Ihr Brief überrascht mich sehr. Es überrascht mich nicht, dass Sie mir schreiben. Warum sollten Sie mir nicht schreiben? Sie schreiben zwar, dass ich Sie hasse, es ist aber nicht wahr. Wenn Sie alle hassen sollten, ich hasse Sie nicht und nicht nur deshalb, weil ich kein Recht dazu habe. Sie sind zwar im Askanischen Hof als Richterin über mir gesessen, es war abscheulich für Sie, für mich, für alle - aber es sah nur so aus, in Wirklichkeit bin ich auf Ihrem Platz gesessen und bin noch bis heute dort.

In F. täuschen Sie sich vollständig. Ich sage das nicht um Einzelheiten herauszulocken.
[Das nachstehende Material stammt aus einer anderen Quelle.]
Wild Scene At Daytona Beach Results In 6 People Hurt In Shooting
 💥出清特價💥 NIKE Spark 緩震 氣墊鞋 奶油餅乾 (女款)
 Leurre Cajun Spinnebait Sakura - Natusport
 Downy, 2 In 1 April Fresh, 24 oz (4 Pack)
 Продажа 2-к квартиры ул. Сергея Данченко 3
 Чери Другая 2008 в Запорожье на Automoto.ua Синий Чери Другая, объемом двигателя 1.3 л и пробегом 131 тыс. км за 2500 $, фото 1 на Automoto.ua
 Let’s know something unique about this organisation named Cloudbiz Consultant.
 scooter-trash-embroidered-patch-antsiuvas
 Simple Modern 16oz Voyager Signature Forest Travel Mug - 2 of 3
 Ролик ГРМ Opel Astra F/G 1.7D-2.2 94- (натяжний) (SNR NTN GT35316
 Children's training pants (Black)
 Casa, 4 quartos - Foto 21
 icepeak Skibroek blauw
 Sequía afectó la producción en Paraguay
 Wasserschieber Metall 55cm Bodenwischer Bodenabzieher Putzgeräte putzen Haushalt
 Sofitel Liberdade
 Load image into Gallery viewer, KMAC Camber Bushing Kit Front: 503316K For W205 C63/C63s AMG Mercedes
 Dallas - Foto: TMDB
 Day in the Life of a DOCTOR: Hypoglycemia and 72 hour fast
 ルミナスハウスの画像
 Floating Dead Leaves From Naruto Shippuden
Ich kann mir keine Einzelheit denken - und meine Einbildungskraft hat sich in diesen Kreisen schon viel herumgejagt, so dass ich ihr vertraue - ich sage, ich kann mir keine Einzelheit denken, die mich davon überzeugen könnte, dass Sie sich nicht täuschen. Das was Sie andeuten ist vollständig unmöglich, es macht mich unglücklich zu denken, dass F. aus irgendeinem unerfindlichen Grunde etwa sich selbst täuschen sollte. Aber auch das ist unmöglich.

Ihre Anteilnahme habe ich immer für wahr und gegen sich selbst rücksichtslos gehalten. Auch den letzten Brief zu schreiben, ist Ihnen nicht leicht geworden. Ich danke Ihnen dafür herzlich. "

Was ist damit getan? Der Brief sieht unnachgiebig aus, aber nur deshalb weil ich mich schämte, weil ich es für unverantwortlich hielt, weil ich mich fürchtete nachgiebig zu sein, nicht etwa, weil ich es nicht wollte. Ich wollte sogar nichts anderes. Es wäre für uns alle das beste wenn sie nicht antworten würde, aber sie wird antworten und ich werde auf ihre Antwort warten.